An embodiment of the present invention provides a method for fusing perspective and overhead view characteristics based on unmanned vehicle lidar data, as shown in fig. 1, which is a schematic diagram of the method for fusing perspective and overhead view characteristics based on unmanned vehicle lidar data according to the embodiment of the present invention, and the method mainly includes the following steps:
step 1, acquiring a first point cloud tensor generated by scanning a first target environment by an unmanned vehicle laser radar;
the shape of the first point cloud tensor is X, Y, Z and I, X is a cross-axis coordinate dimension parameter of the three-dimensional coordinate system, Y is a longitudinal-axis coordinate dimension parameter of the three-dimensional coordinate system, Z is a vertical-axis coordinate dimension parameter of the three-dimensional coordinate system, and I is a laser reflection intensity dimension parameter.

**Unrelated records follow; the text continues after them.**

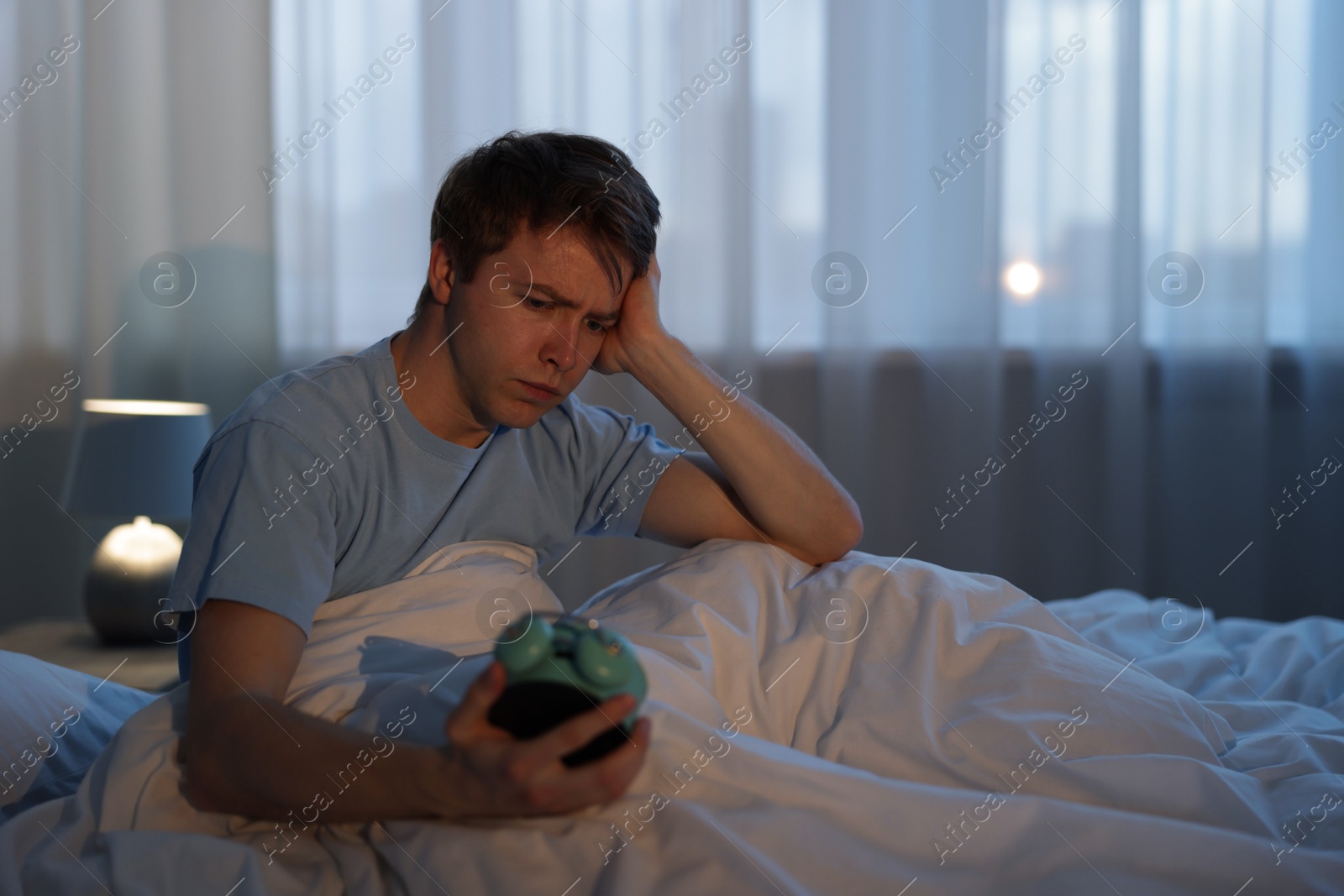 Frustrated man looking at alarm clock on bed at night. Insomnia problem Photo of Frustrated man looking at alarm clock on bed at night. Insomnia problem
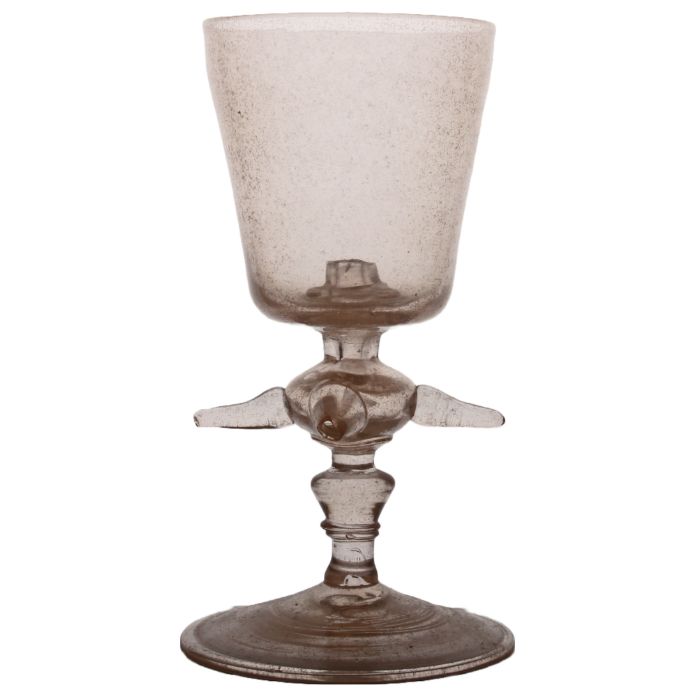 An early 18th Century "trick" glass, with a hollow central stem pieced knop with pierced tube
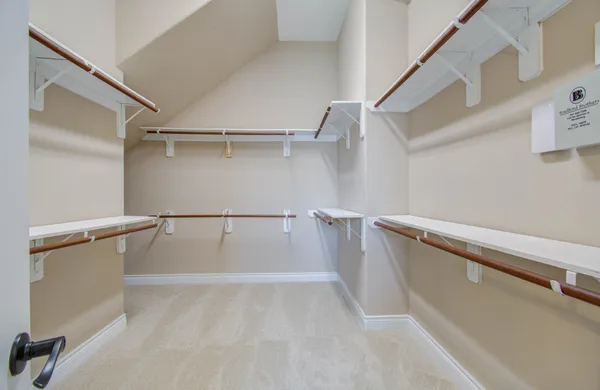 a view of an empty walk in closet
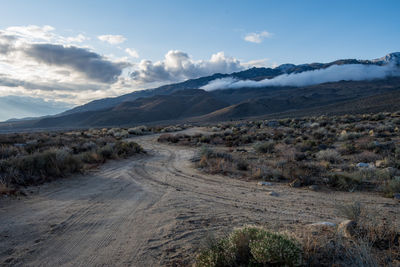 Dirt road in the desert heading to eastern sierra nevada mountains of california usa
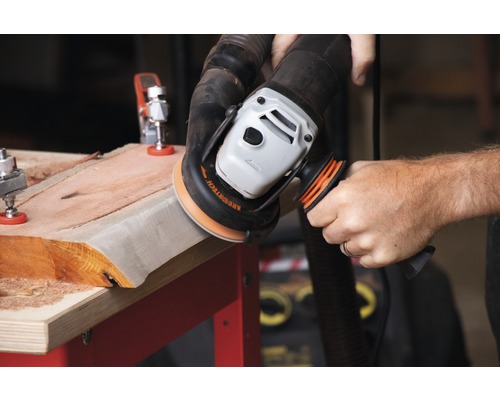 Eine Person schleift ein Holzbrett mit einem Winkelschleifer.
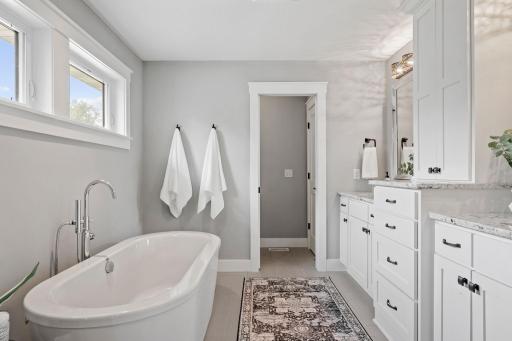 The primary bath has an abundance of storage as well as two separate sink areas.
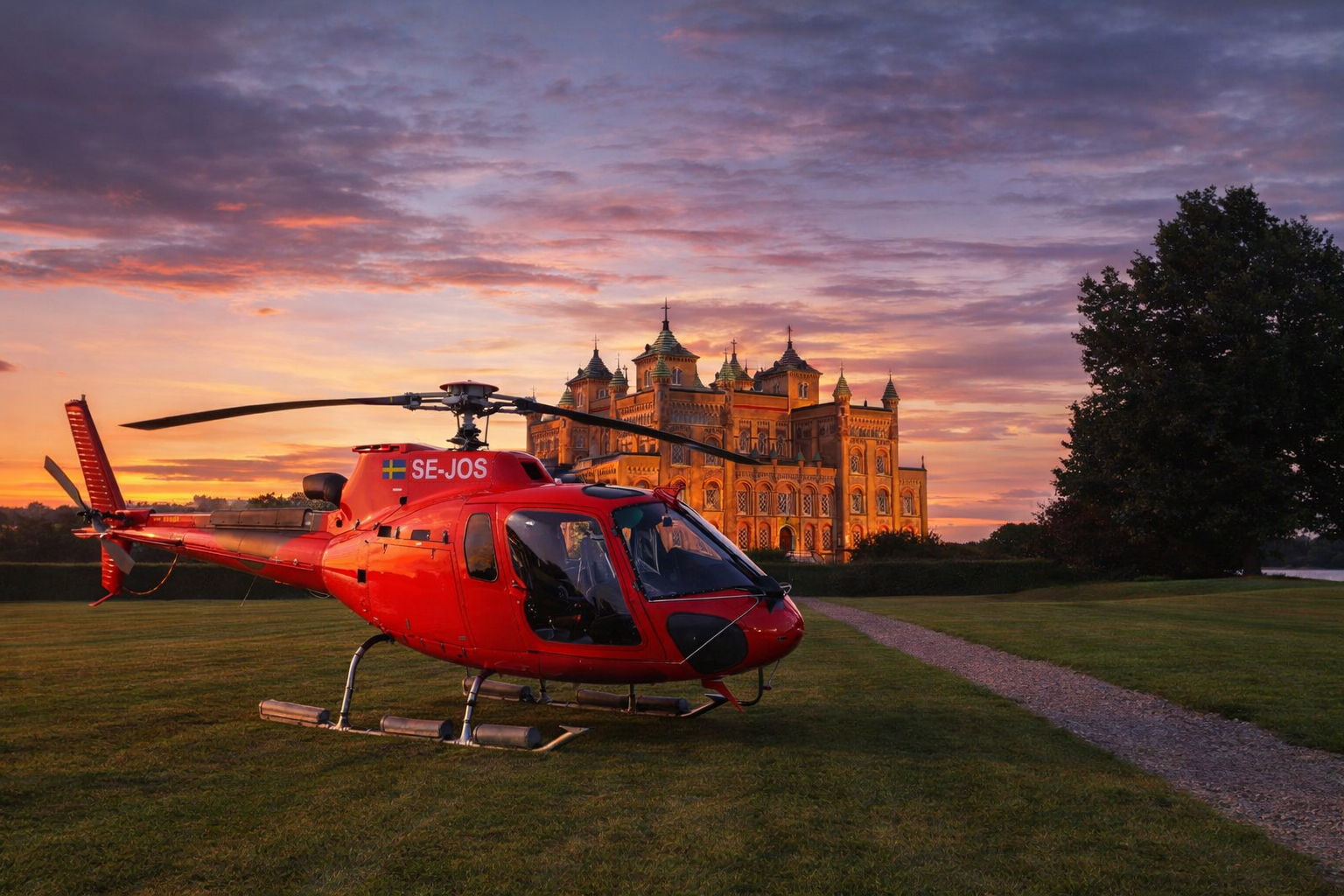 Red Airbus AS350 helicopter on the lawn in front of Stora Sundby castle at sunset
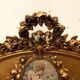 Louis XVI style mirror in wood and gilded stucco 20th century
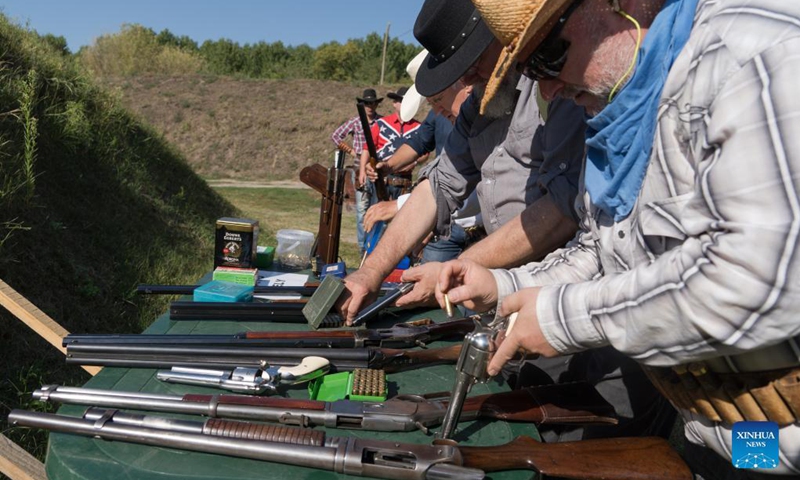 Participants load their guns at the Cowboy Action Shooting Hungarian Championship in Jaszfelsoszentgyorgy, Hungary on Sept. 11, 2021.(Photo: Xinhua)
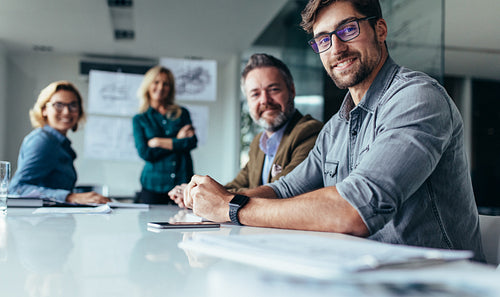Businesspeople sitting in conference room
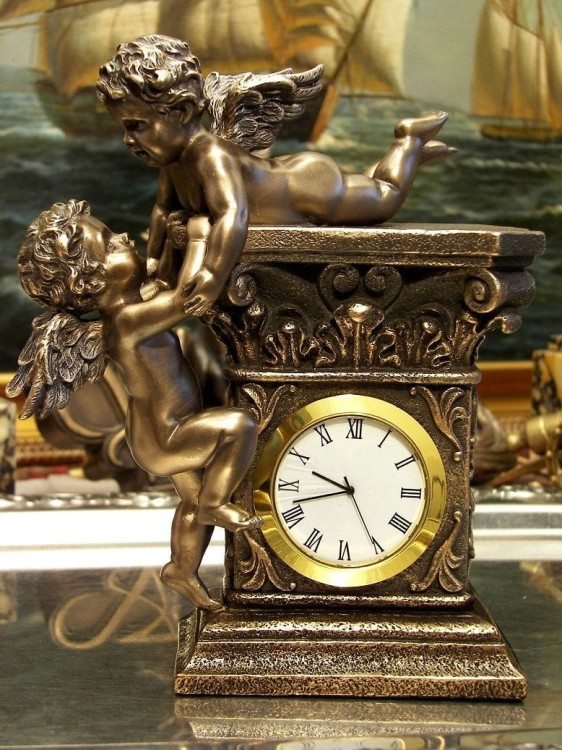 zegar barokowy z amorkami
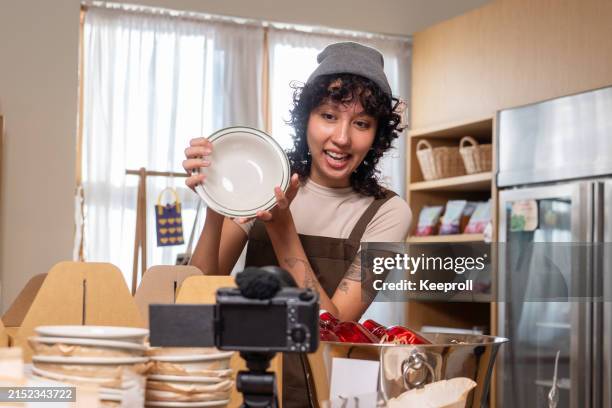 asian woman doing live streaming for online selling - side hustle stock pictures, royalty-free photos & images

Here, as described above, the point cloud data includes a three-dimensional coordinate system and a laser reflection intensity; the unmanned vehicle radar performs target environment scanning on a specified scanning range according to a set scanning frequency in the process of performing the target environment scanning, obtains a plurality of scanning data, converts the obtained plurality of scanning data according to a point cloud three-dimensional coordinate to obtain a plurality of point cloud data, creates a calculation tensor according to the three-dimensional coordinate and the scanning intensity form for all the point cloud data, and obtains a first point cloud tensor, wherein if the laser reflection intensity is a scalar, the shape of the first point cloud tensor is X, Y, Z1, and if the laser reflection intensity is a vector, the shape of the first point cloud is X, Y, Z, I.
Step 2, performing two-dimensional voxel characteristic extraction processing on the first point cloud tensor to generate a first overlook characteristic tensor;
wherein the first overlook feature tensor has a shape of H1*W1*C1,H1As a height dimension parameter, W1As a parameter of the width dimension, C1Is a channel dimension parameter;
the method specifically comprises the following steps: using PointPillars algorithm, the first point cloud tensor [ X Y Z I]Two-dimensional voxel characteristic extraction of a Cartesian coordinate system is carried out, and a first overlook characteristic tensor [ H ] is generated1*W1*C1]。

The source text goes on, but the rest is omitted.